Mise à part l'escroquerie Anglo Leasing, le Kenya continue d'être poursuivi par un autre scandale, l'affaire Goldenberg, qui s'est déroulée au début des années 1990.
A la suite de ce cas de corruption, environ 600 millions de dollars ont été perdus à travers des exportations fictives d'or et de diamant. Des membres clés du gouvernement, y compris l'ancien chef de l'Etat, Daniel arap Moï et plusieurs de ses ministres, étaient impliqués dans le scandale — décrit comme le plus grand jamais enregistré dans le pays. A ce jour, personne n'a été poursuivi en relation avec le crime.
Certains citoyens craignent que les énormes sommes d'argent impliquées dans la grande corruption ne permettent aux autorités de manipuler l'offre d'amnistie.
"Comment pouvons-nous être sûrs que les pillards retourneront tout ce qu'ils ont volé? Il se peut qu'un individu retourne un dixième de ce qu'il a volé, laissant le plus gros de la somme dans des banques étrangères, et qu'il soit néanmoins gracié", a dit à IPS Ochieng Asila, un vendeur de journaux dans la capitale, Nairobi.
"Que ceux qui ont volé subissent toute la (rigueur) de la loi, qu'ils retournent le butin et soit mis sous les verrous. Nous ne pouvons pas continuer par laisser le gouvernement jouer avec l'argent du contribuable alors que des millions de Kényans ne peuvent même pas avoir accès aux infrastructures de base".
Geoffrey Birundu du Réseau Nommer et couvrir de honte les auteurs de corruption, une grande institution regroupant des organisations anti-corruption, partage ces sentiments.
"S'il n'y a avait aucun pillage, le gouvernement aurait pu utiliser l'argent pour forer des puits artésiens dans la province du Nord-Est aride, et construire des hôpitaux dans les régions éloignées du pays où des gens meurent puisqu'ils font des kilomètres et des kilomètres pour se rendre dans un centre de santé. Les décès sont sans importance", a-t-il souligné.

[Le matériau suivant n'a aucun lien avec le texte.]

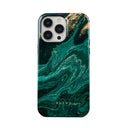 Emerald Pool - Elegant iPhone 13 Pro Case 5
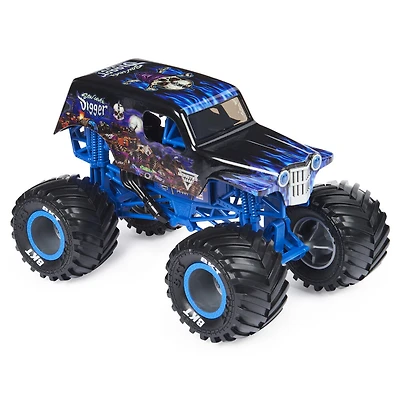 Monster Jam, Official Son-Uva Digger Monster Truck, Collector Die-Cast Vehicle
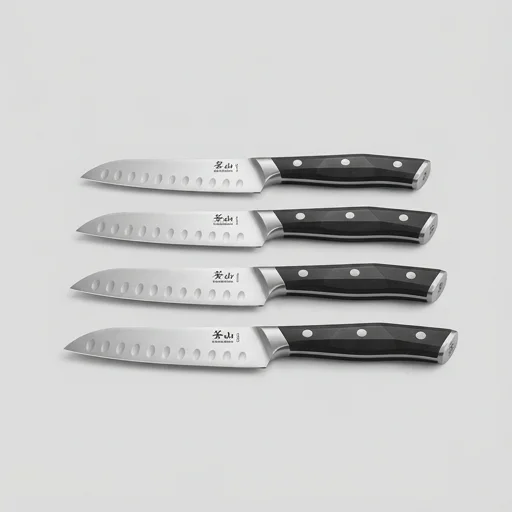 Cangshan X Series 4-Piece Steak Knife Set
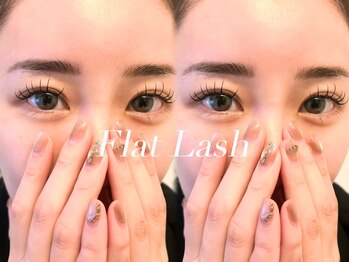 ネオリーアイラッシュ 恵比寿(neorii eyelash)の写真/【フラットラッシュ◇口コミ投稿で￥1000OFF☆】高持続×似合わせデザインで理想の目元を叶える♪/恵比寿駅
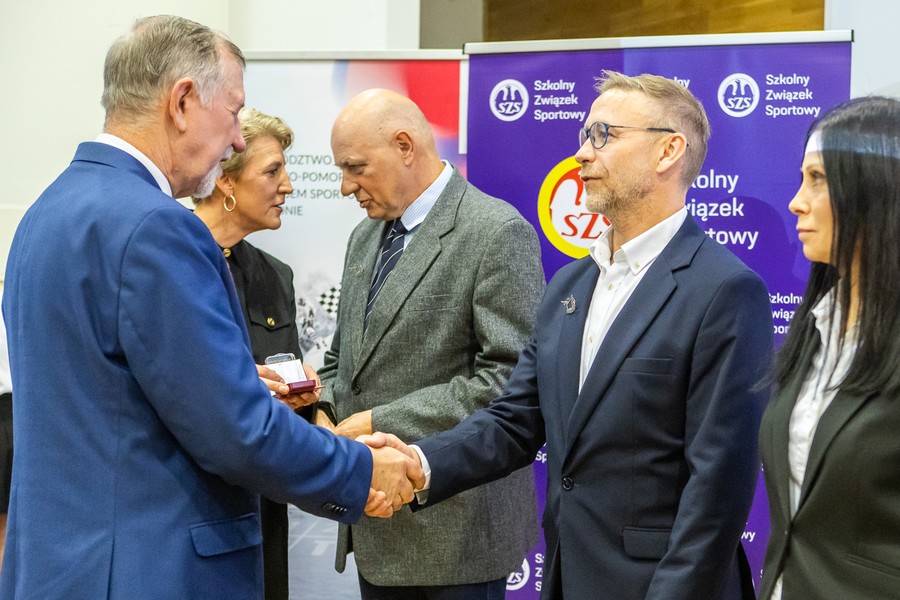 70 lat Szkolnego Związku Sportowego, fot. Szymon Zdziebło/tarantoga.pl dla UMWKP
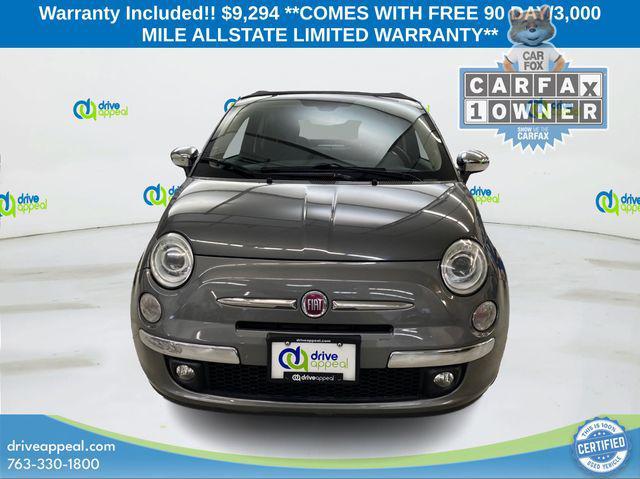 used 2012 FIAT 500 car, priced at $9,294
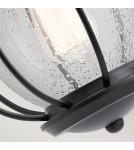 Kinkiety zewnętrzne - Elstead VANDALIA Kinkiet E27 1x60W IP44 Czarny KL-VANDALIA2-S - product 4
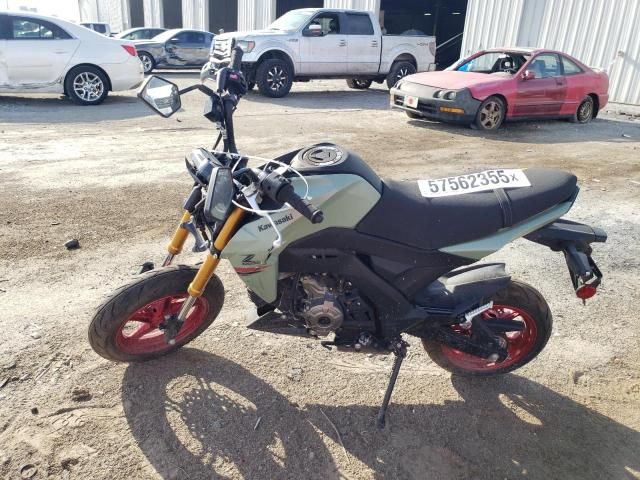 2023 Arrow 2023 Kawasaki BR125 J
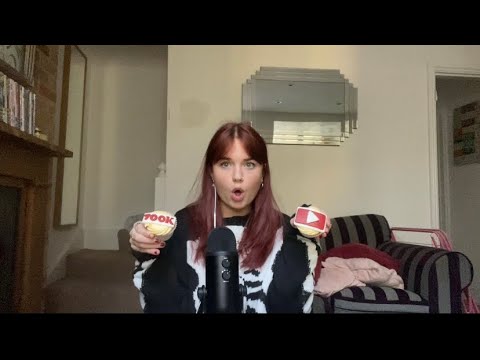 ASMR 700k SPECIAL (mouth sounds, hand sounds, cupcakes and more)
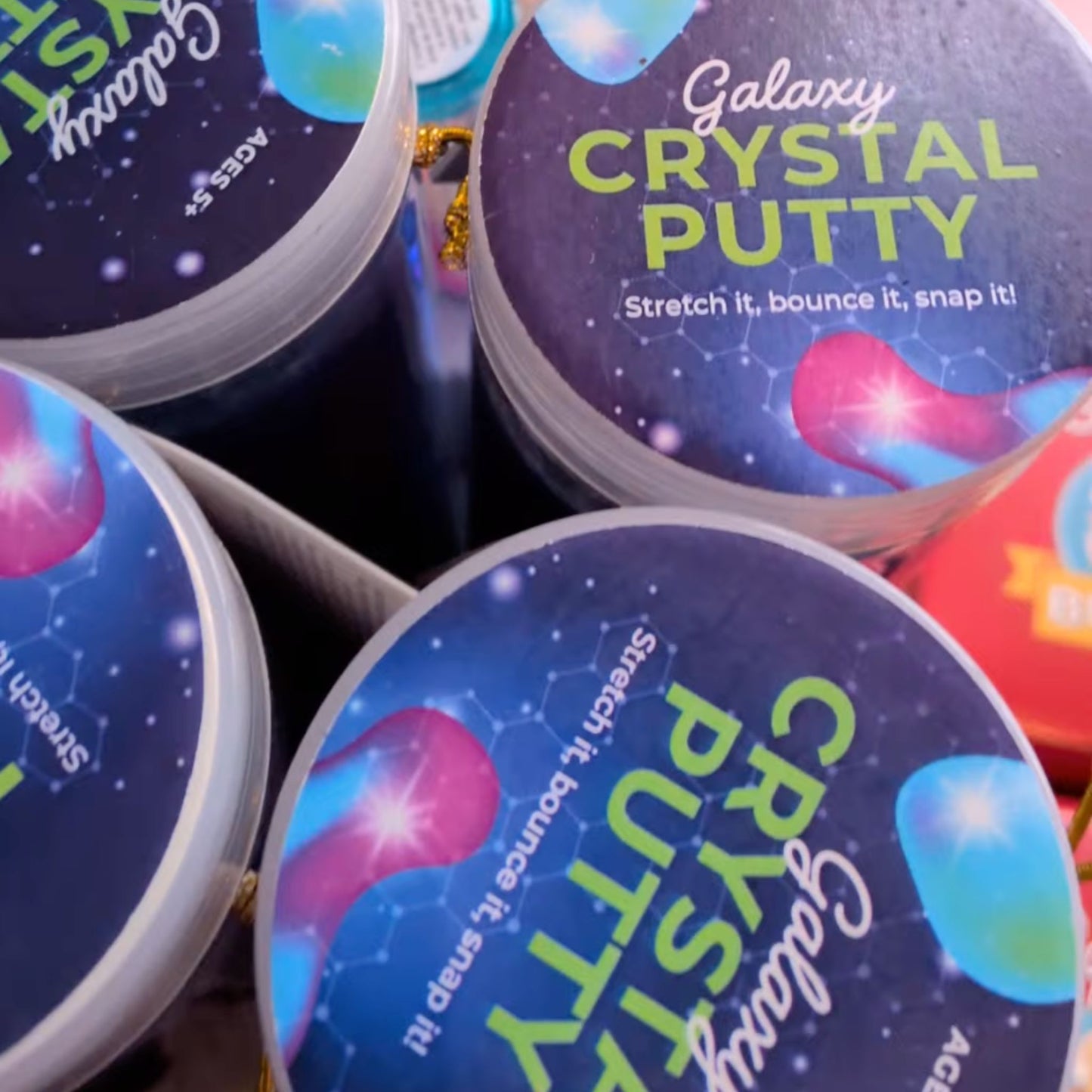 Galaxy Crystal Putty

Des organisations de défense des droits de l'Homme ont annoncé qu'elles se lanceront dans une campagne d'éducation à travers le pays pour accroître une compréhension publique des inconvénients d'une amnistie, au cas où le gouvernement continuerait sur cette lancée. Certains députés envisageraient de présenter un projet de loi d'amnistie au parlement.
"Le problème de la corruption au Kenya existe parce que (des membres de) la classe politique…s'allient les uns aux autres, peu importe l'affiliation de leurs partis lorsqu'il s'agit de discuter des questions qui les protègeront et garniront davantage leurs portefeuilles", a déclaré Kiai.
Le gouvernement de Kibaki est arrivé au pouvoir en 2002 sur une plate-forme anti-corruption, dans un mouvement que certains pourraient maintenant regarder avec ironie.